▶ _Your instructions_
Starting at the line that contains "Puntos de entrega", reproduce only the lines through the end of the data, exactly, including both the first and the last; skip the pictures.

▶ _Recorded data_
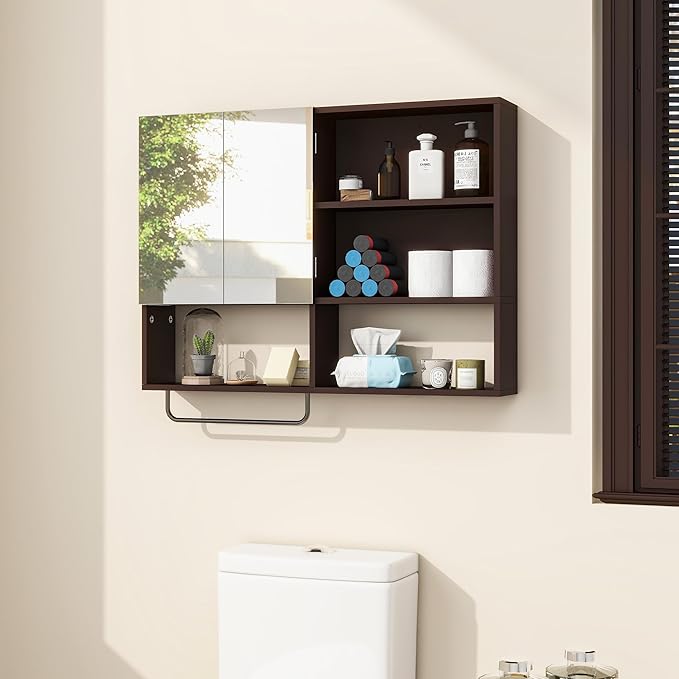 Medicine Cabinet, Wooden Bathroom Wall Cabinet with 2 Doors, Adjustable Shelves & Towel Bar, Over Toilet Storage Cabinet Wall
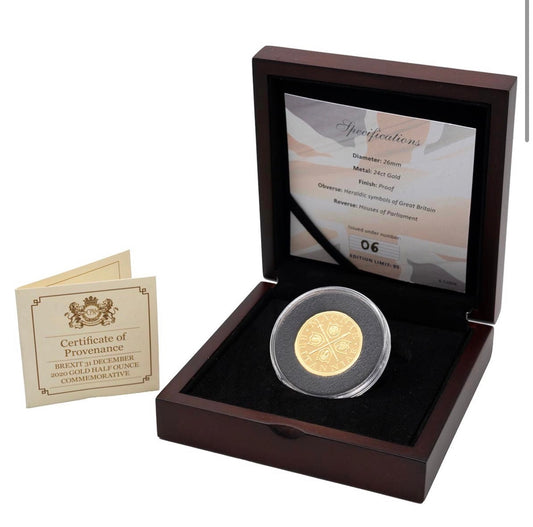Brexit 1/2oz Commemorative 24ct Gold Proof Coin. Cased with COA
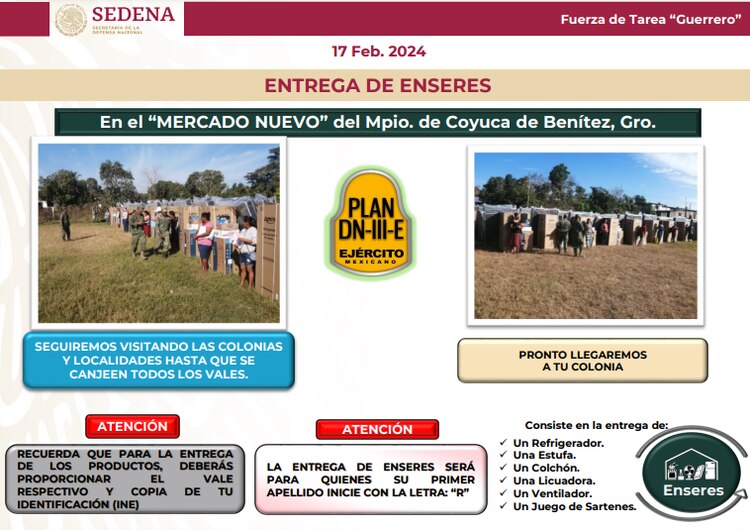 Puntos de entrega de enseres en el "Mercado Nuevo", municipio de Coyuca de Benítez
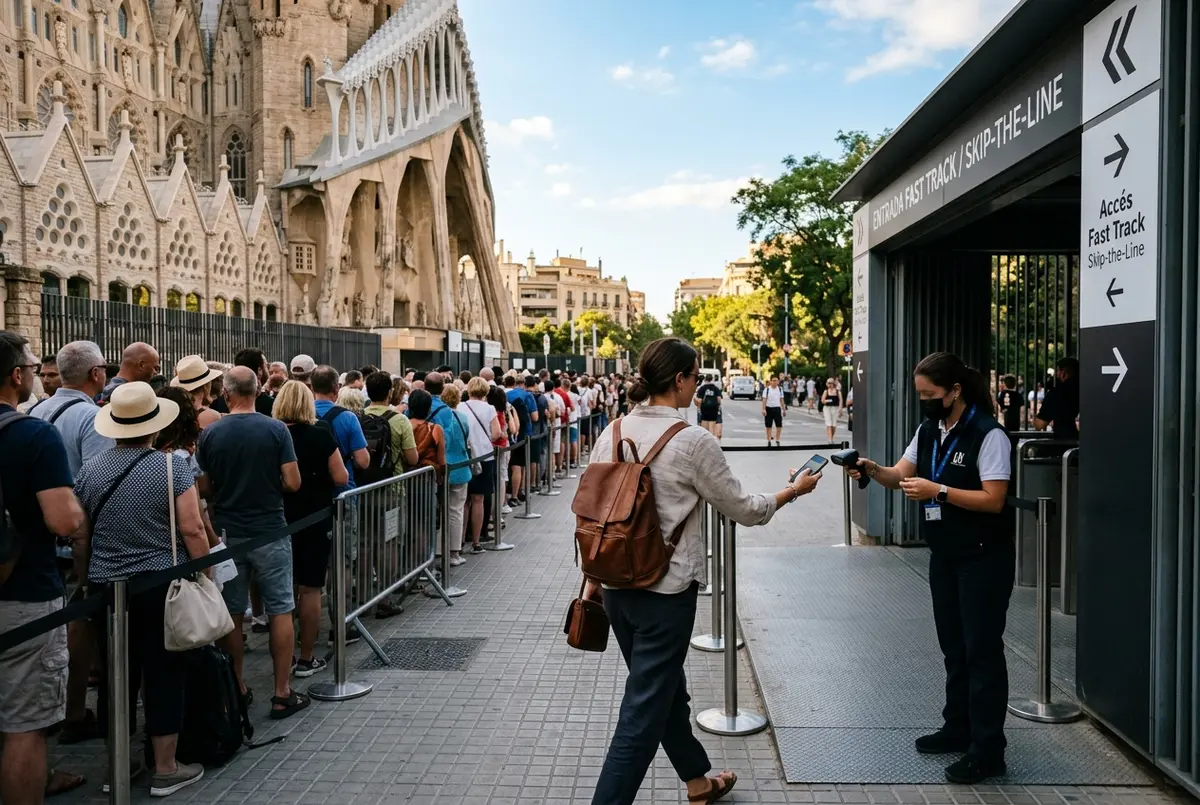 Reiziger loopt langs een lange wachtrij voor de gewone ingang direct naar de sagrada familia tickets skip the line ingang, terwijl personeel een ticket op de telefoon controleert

▶ _Response area_
 Puntos de entrega de enseres en el "Mercado Nuevo", municipio de Coyuca de Benítez
 Reiziger loopt langs een lange wachtrij voor de gewone ingang direct naar de sagrada familia tickets skip the line ingang, terwijl personeel een ticket op de telefoon controleert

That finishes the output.